START Records for processing
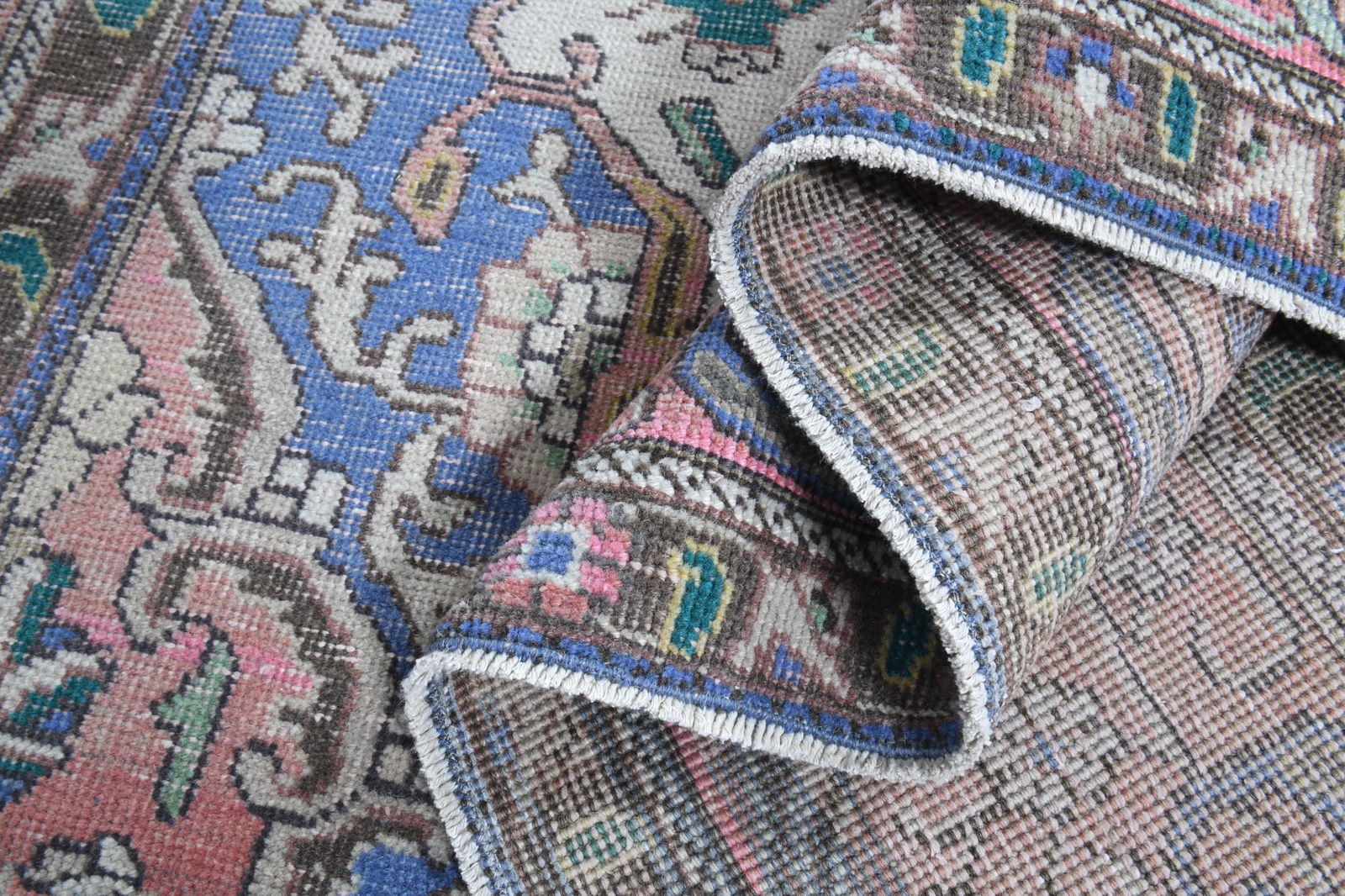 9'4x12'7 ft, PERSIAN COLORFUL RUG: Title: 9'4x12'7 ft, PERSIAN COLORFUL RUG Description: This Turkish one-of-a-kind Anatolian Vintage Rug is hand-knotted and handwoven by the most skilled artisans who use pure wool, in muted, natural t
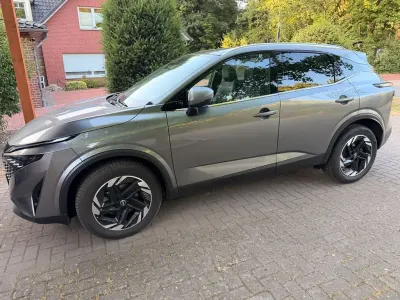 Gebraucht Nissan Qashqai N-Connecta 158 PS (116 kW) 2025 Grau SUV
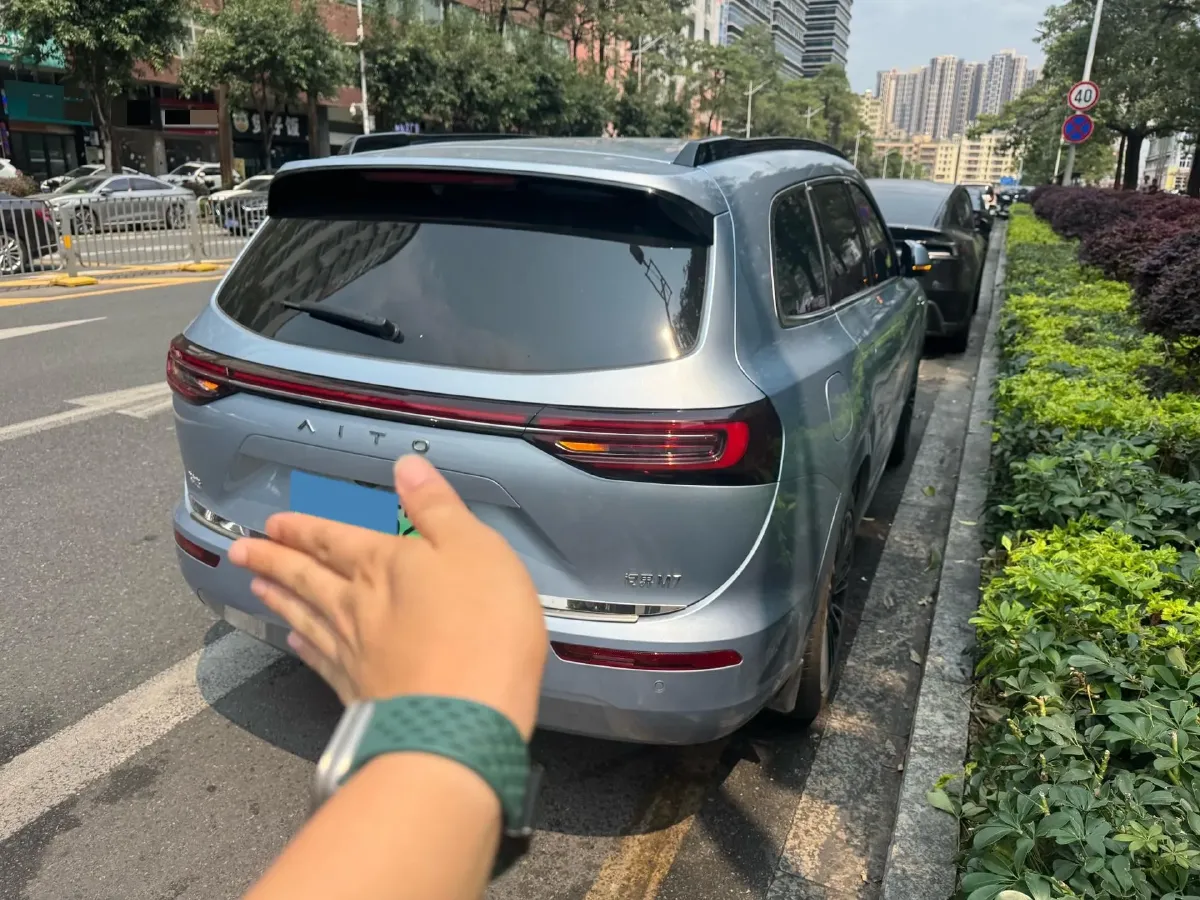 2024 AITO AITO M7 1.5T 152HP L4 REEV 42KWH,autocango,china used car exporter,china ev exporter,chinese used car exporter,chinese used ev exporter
END Records for processing
START Records for processing
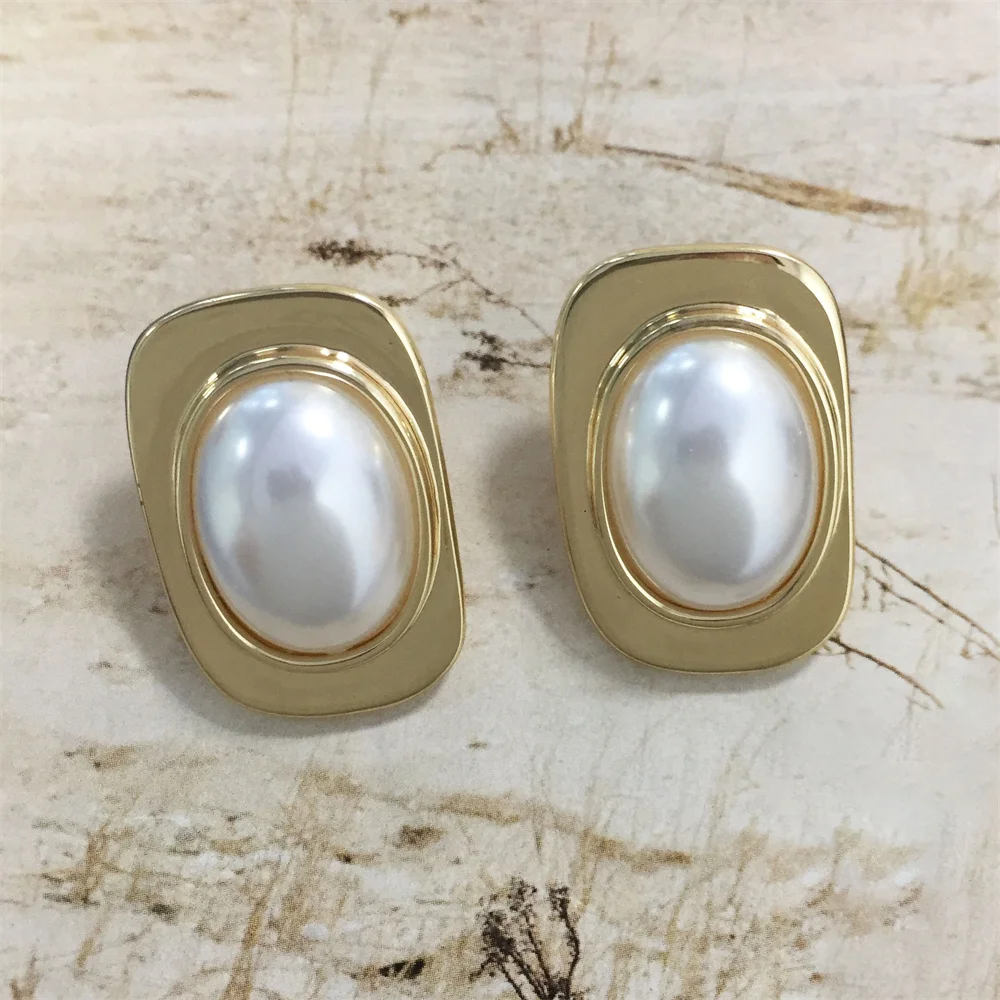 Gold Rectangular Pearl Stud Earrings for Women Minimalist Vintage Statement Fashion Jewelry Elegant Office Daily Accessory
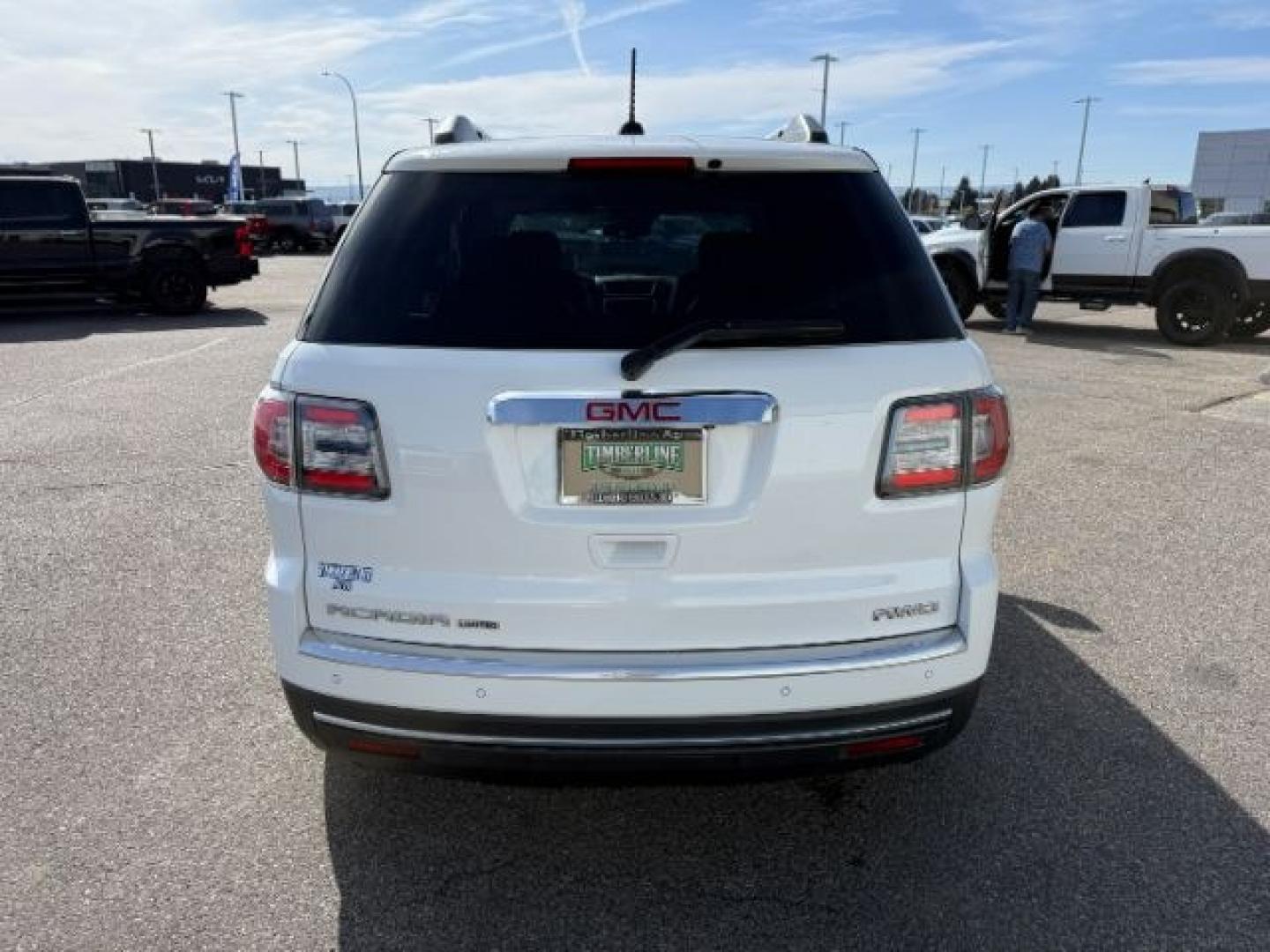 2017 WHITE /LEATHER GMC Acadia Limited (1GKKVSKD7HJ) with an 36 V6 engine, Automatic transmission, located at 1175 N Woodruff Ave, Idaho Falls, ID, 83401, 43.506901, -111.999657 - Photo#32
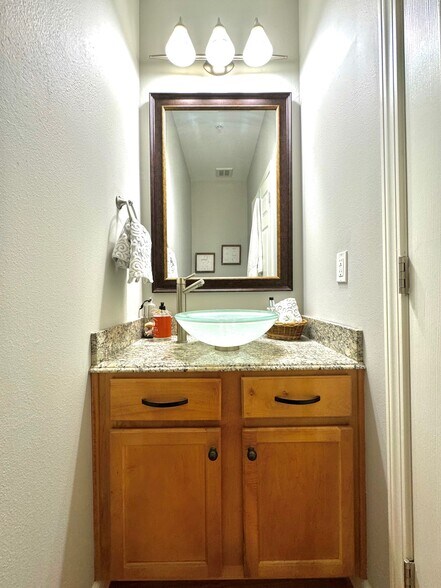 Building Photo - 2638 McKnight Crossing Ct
END Records for processing
START Records for processing
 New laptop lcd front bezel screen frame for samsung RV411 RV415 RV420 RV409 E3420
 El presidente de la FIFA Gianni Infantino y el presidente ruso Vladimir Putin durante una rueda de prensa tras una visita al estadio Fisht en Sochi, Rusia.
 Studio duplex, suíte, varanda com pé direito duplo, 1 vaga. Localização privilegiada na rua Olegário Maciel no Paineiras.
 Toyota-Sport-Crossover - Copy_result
END Records for processing
Please copy the lines in the records above between the one holding "Studio duplex, suíte, varanda" and the one holding "Toyota-Sport-Crossover - Copy_result", inclusive, exactly and with no other line.

◆ **Your response**:
 Studio duplex, suíte, varanda com pé direito duplo, 1 vaga. Localização privilegiada na rua Olegário Maciel no Paineiras.
 Toyota-Sport-Crossover - Copy_result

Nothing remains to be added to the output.